A mini story helps make this clear. A young fictional natural haircare brand launched its account with a vague bio and videos with no clear angle. The result: few views, little feedback, and few followers. After three weeks, it refocused the profile around a clear promise, “curly hair routine in under 5 minutes,” and then structured its videos around short tutorials. Performance improved the very next month. The problem was not the platform. It was a lack of clarity.
According to DataReportal 2025, TikTok remains among the most widely used social platforms in the world, with an advertising audience potential that far exceeds one billion users. That number guarantees nothing, of course. What it mainly shows is that there is still room for well-positioned accounts.

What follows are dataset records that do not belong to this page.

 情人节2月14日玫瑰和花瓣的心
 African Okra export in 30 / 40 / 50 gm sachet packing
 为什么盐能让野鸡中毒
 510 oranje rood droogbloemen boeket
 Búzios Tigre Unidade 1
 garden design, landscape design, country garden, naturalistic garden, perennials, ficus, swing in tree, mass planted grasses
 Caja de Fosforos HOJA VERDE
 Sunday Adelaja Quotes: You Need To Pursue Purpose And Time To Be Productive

The settings to handle right away on TikTok
Before the first post, a few actions help avoid painful mistakes. You need to check privacy settings, enable authentication, link Instagram or a website if it makes sense, and choose an implied content category. TikTok very quickly reads the signals sent by the first videos.

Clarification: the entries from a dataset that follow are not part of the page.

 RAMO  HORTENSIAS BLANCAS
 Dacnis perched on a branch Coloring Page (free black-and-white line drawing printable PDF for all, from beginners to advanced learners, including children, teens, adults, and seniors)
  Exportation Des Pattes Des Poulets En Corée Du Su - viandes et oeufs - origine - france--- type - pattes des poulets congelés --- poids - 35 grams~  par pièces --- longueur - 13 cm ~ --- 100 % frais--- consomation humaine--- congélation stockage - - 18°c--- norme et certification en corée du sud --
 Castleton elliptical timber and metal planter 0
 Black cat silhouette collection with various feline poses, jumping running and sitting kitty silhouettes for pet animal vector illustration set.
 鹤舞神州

Concretely, here are the points to address right away:
- Simple username and consistent with your other accounts
- Clear profile picture or a logo that is readable at a small size
- Useful bio with a clear proposal
- External link if the feature is available and relevant
- Security settings and comment moderation
- Content folder with 10 video ideas before even posting
This work may seem basic. Yet it saves an enormous amount of time once the posting cadence starts.

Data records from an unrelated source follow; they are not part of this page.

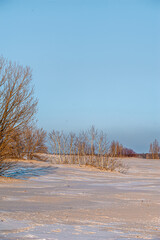 A wide-angle winter landscape of a snow-covered field with scattered bare trees and a calm, clear...
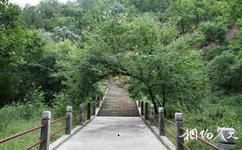 志丹九吾山森林公园旅游攻略之森林
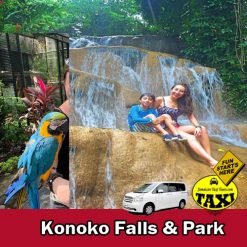 konoko falls and park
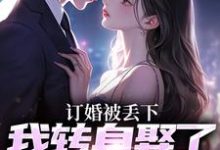 跪求主角是江辰苏密的小说书名叫什么-筷子文学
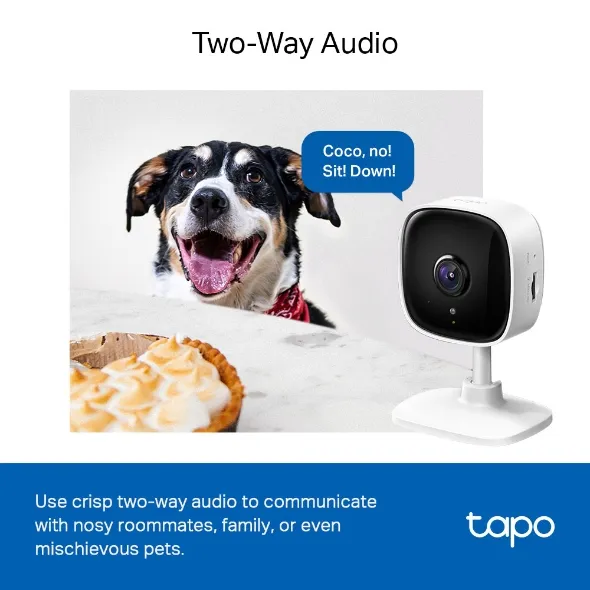 Tapo C100 two-way audio camera next to a dog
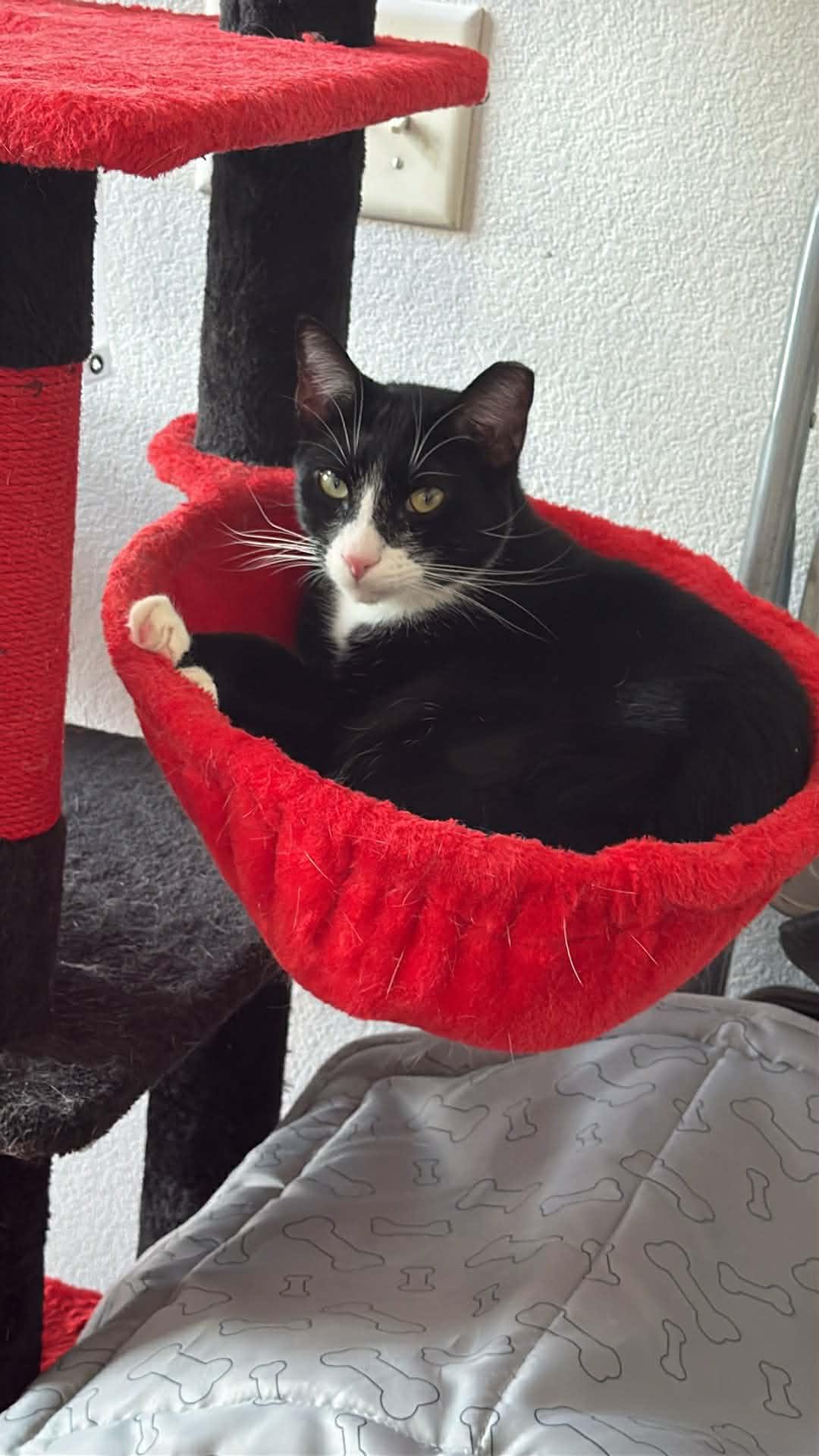 Enlarge Spritz, a ADOPTABLE Tuxedo in Charlotte, NC image 2/6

Creating your first TikTok videos without spreading yourself too thin
Many new accounts want to test every format at the same time. Bad idea. Better to choose 3 content pillars and stick with them for several weeks: tutorial, behind the scenes, review, before/after, reaction, micro-analysis, product demo, or quick comparison. This framework simplifies production and makes the account easier for the audience to understand.
The platform often rewards videos that are easy to understand. Each post should therefore be thought of as a three-part sequence: an immediate hook, a demonstration or key point, and then a clear ending. The built-in tools help a lot: on-screen text, voice-over, filters, captions, sound, timer, green screen, or duet.
Should you follow every trend? Of course not. A trend is only worthwhile if it serves the account's message. Conversely, using a popular sound with no connection to your editorial direction can sometimes generate a few views, but little memorability. To work on this point, it may be useful to observe the songs that circulate the most on TikTok or even how music hits are used on the platform in order to choose sounds that fit rather than copying them without an angle.
Another point: the ideal length depends on the topic. A simple tip can fit into 12 seconds. A product demo or explanation may require 30 to 45 seconds. What matters is the completion rate. If the video is long but watched all the way through, the signal remains strong.
TikTok features to use from the first few weeks
Some options give videos more impact right from the start. The green screen lets you comment on a screenshot, an article, or a product visual. Duet is used to react to another creator, which can sometimes help you reach a neighboring audience. On-screen text improves understanding, especially without sound.
You should also browse the discovery tab, look at the hashtags related to your topic, identify recurring formats, and keep an eye on your inbox. Comments are a gold mine of ideas. Often, the best next videos come from a question asked under the previous one.
To enrich the overall video strategy, a look at the comparison between YouTube and TikTok can help distinguish what belongs to a long tutorial from what works better in an ultra-short format.
Understanding the TikTok algorithm to gain visibility
The TikTok algorithm is not limited to the number of followers. It tests videos with groups of users and then expands distribution if the initial signals are good. The most closely watched metrics remain retention, replays, shares, comments, and quick engagement after posting.
A video can therefore perform well with a modest account. That is precisely what attracts so many new creators. That said, the opposite can also happen when an account posts too often with rough content. The algorithm is not “against” the creator. It simply lacks positive, consistent signals.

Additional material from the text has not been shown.